_Aim of the exercise_: Consider the listing below. Extract exactly the lines from the line containing "Halo Hanoi Hotel المظهر الخارجي الصورة" to the line containing "Apple iPhone 12 Pro Max 128 GB Black", both included.

◇ ◇ ◇

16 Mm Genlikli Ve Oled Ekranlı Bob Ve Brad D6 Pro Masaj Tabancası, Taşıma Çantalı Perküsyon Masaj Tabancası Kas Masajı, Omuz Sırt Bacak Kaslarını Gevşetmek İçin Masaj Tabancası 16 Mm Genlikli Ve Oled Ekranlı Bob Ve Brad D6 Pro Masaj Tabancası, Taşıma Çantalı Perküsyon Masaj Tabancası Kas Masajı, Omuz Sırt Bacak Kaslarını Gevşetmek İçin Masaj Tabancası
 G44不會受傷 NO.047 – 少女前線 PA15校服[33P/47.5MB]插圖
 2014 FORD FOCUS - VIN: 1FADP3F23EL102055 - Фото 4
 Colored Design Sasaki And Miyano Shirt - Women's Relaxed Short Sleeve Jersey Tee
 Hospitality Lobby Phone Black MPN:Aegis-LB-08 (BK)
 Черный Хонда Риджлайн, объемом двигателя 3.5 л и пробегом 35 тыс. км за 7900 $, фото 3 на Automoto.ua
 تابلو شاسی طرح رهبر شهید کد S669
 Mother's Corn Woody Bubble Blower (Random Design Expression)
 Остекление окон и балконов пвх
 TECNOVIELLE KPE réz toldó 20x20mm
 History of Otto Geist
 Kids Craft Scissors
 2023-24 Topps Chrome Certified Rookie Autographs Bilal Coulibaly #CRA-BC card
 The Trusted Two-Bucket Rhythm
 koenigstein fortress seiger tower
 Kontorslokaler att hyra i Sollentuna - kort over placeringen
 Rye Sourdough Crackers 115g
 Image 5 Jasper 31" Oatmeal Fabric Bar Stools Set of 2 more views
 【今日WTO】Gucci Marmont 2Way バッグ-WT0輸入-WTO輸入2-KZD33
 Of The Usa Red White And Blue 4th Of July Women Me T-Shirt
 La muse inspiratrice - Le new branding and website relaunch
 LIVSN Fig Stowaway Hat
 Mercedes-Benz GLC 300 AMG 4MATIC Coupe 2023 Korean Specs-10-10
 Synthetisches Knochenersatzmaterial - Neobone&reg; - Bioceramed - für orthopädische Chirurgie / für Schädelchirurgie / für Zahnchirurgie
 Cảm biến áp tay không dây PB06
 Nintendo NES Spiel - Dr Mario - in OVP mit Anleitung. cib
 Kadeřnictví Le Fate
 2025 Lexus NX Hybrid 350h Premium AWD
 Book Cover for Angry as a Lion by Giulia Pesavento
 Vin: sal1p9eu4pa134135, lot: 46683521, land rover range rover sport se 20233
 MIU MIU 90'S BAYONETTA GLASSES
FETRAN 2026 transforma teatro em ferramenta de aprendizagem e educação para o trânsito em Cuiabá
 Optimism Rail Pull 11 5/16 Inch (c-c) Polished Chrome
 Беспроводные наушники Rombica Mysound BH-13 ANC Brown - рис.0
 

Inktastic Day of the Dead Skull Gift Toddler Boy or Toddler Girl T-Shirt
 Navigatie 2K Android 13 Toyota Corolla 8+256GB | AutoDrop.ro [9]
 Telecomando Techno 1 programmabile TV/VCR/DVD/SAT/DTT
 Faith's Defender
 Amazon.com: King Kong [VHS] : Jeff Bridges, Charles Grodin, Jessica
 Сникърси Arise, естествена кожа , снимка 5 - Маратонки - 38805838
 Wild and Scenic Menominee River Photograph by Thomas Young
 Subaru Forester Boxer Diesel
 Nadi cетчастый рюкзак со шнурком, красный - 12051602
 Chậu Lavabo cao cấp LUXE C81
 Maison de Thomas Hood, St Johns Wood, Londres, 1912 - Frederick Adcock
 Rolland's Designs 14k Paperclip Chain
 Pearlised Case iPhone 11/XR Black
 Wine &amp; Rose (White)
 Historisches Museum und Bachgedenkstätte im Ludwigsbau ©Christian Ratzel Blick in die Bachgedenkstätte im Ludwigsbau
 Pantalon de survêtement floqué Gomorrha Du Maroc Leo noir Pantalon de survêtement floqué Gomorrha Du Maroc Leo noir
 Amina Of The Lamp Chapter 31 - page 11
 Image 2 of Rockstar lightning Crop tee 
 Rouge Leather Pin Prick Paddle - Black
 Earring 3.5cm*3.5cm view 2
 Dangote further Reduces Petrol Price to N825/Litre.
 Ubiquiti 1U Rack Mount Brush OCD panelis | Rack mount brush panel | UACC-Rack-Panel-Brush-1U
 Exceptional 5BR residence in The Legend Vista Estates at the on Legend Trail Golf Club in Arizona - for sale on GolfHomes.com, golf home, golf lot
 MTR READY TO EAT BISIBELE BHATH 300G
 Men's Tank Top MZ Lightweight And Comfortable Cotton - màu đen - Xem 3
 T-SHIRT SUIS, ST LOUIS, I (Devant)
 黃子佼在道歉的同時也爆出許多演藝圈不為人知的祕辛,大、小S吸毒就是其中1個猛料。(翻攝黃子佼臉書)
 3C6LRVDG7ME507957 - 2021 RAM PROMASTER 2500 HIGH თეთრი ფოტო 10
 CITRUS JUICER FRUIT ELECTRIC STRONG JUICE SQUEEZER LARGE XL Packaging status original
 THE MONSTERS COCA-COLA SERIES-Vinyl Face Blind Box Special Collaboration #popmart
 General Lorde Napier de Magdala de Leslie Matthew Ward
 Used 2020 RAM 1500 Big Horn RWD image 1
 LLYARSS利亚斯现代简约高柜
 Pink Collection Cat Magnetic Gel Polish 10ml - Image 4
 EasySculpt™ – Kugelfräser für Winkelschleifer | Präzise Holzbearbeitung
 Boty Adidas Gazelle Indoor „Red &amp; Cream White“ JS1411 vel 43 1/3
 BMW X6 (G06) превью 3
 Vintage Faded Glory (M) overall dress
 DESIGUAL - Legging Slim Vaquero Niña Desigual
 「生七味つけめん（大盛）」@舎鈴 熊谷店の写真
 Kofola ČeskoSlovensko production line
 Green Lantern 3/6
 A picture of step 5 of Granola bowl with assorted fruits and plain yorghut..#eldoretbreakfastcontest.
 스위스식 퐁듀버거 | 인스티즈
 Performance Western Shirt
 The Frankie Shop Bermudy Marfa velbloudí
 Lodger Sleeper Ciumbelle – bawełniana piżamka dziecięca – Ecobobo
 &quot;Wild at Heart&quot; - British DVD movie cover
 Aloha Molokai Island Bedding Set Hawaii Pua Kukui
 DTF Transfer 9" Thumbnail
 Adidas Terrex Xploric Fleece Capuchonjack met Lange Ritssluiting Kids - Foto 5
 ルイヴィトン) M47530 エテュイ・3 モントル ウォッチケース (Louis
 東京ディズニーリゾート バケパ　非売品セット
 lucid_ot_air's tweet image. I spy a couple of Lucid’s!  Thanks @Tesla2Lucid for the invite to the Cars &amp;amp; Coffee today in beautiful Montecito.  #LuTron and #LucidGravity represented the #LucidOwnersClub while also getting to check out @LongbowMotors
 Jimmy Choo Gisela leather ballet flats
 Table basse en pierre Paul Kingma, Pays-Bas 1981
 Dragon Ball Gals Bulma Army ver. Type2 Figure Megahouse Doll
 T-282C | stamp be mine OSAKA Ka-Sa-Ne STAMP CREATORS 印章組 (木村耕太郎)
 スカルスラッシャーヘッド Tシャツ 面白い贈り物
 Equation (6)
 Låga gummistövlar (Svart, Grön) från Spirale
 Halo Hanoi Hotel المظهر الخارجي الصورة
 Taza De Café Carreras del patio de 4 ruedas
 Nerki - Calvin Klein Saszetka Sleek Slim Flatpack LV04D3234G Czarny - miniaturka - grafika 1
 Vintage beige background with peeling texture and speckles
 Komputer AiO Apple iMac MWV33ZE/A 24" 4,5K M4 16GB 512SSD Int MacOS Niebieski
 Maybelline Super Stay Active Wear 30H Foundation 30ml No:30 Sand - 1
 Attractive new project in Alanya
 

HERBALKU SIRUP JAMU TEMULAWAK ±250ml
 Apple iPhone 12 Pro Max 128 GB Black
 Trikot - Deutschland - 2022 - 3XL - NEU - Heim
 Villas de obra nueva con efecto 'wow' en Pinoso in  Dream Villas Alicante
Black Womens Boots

◇ ◇ ◇

_Completed task_:
 Halo Hanoi Hotel المظهر الخارجي الصورة
 Taza De Café Carreras del patio de 4 ruedas
 Nerki - Calvin Klein Saszetka Sleek Slim Flatpack LV04D3234G Czarny - miniaturka - grafika 1
 Vintage beige background with peeling texture and speckles
 Komputer AiO Apple iMac MWV33ZE/A 24" 4,5K M4 16GB 512SSD Int MacOS Niebieski
 Maybelline Super Stay Active Wear 30H Foundation 30ml No:30 Sand - 1
 Attractive new project in Alanya
 

HERBALKU SIRUP JAMU TEMULAWAK ±250ml
 Apple iPhone 12 Pro Max 128 GB Black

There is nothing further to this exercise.